Well, that was a clear change of subject.
“Both, obviously,” she said, “but I’m not picky on what kind.”
After they sat down at the table, Beau looked over at her. “Sorry. I’m just a little talked out, if that’s okay.”
Izzy reached for a pig in a blanket. “That’s totally okay.” And then she stopped. “Also—if you want to be alone now, that’s okay, too. I can just—”
He shook his head. “I don’t. I was actually kind of…looking forward to this.”
She looked at him for a second, then down at her plate. “Me too.”
They didn’t talk about anything else hard, for the rest of the night. They just ate dinner, and finished the croissant dough, and made cookies, and watched TV. But somehow, she felt closer to him at the end of the night than she had at the beginning.
On Monday afternoon, Izzy met Beau in the library. He raised his eyebrows at her as she sat down.
“Are you still up for our deal?” Beau asked. “About us both writing, I mean.”
Izzy gestured to the notebooks she’d brought with her. One was Beau’s, the one they passed back and forth every time. The other was her own.
“I’m not one to back out of a deal,” she said. “Haven’t you learned that about me yet?”
There was a certain amount of bravado in her voice, bravery she didn’t exactly feel. Yes, she’d been tinkering with an idea for the past few weeks, jotting down notes, tiny scenes, here and there. But she was scared to really commit to writing again.
She was glad, in a way, that this deal with Beau would force her to write. But another part of her was terrified. That she’d discover Gavin was right, this was too hard for her, she was no good at this.
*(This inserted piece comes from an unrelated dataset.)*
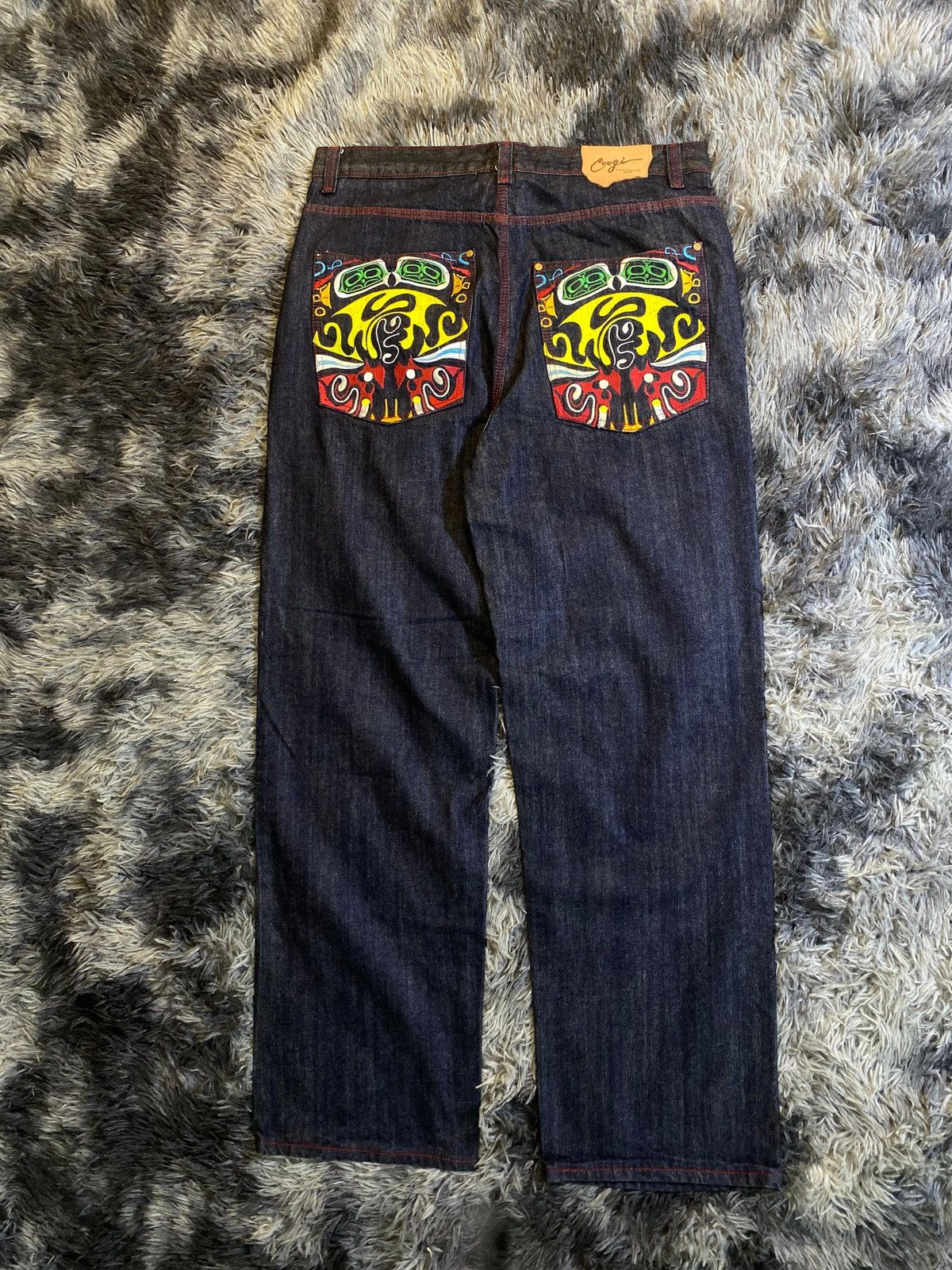 Coogi Coogi Australian Aboriginal Mask Embroidery Baggy Jeans. Size US 38 / EU 54 - 1 Thumbnail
Or, even worse, that her experiences with writing and publishing over the past few years had taken away all her joy in writing, that joy she used to have when she was a teenager, sitting on her bed with her notebook for hours, deep into a world she’d created.
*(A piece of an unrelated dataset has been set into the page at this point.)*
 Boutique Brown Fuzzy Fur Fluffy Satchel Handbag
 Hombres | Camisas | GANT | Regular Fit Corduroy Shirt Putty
But it scared her even more to never try again, to leave that part of her life, of her dreams, behind.
She pushed Beau’s notebook across the table to him and took out her phone to set the timer. This time it was for her, not for him.
She took a deep breath as she opened her own notebook.
“Hey,” Beau said from across the table.
She looked up at him.
He was smiling softly at her. “You’re gonna be great. You know that, right?”
She could tell from the look on his face that he wasn’t fooled by her. He knew she was nervous about writing again.
She swallowed. “Thanks.” She wanted to say more, to say it helped for him to say that, it helped to have him there, sitting across the table from her, it helped to know he believed in her, but she couldn’t get anything else out. But she thought he might already know all of that.
She picked up her phone again. “Okay.” She pressed start. “Go.”
And then she looked at her notes from the past few weeks. The ones she’d barely admitted to herself that she had envisioned as a book. Okay. She could do this.
She flipped to a blank page in her notebook.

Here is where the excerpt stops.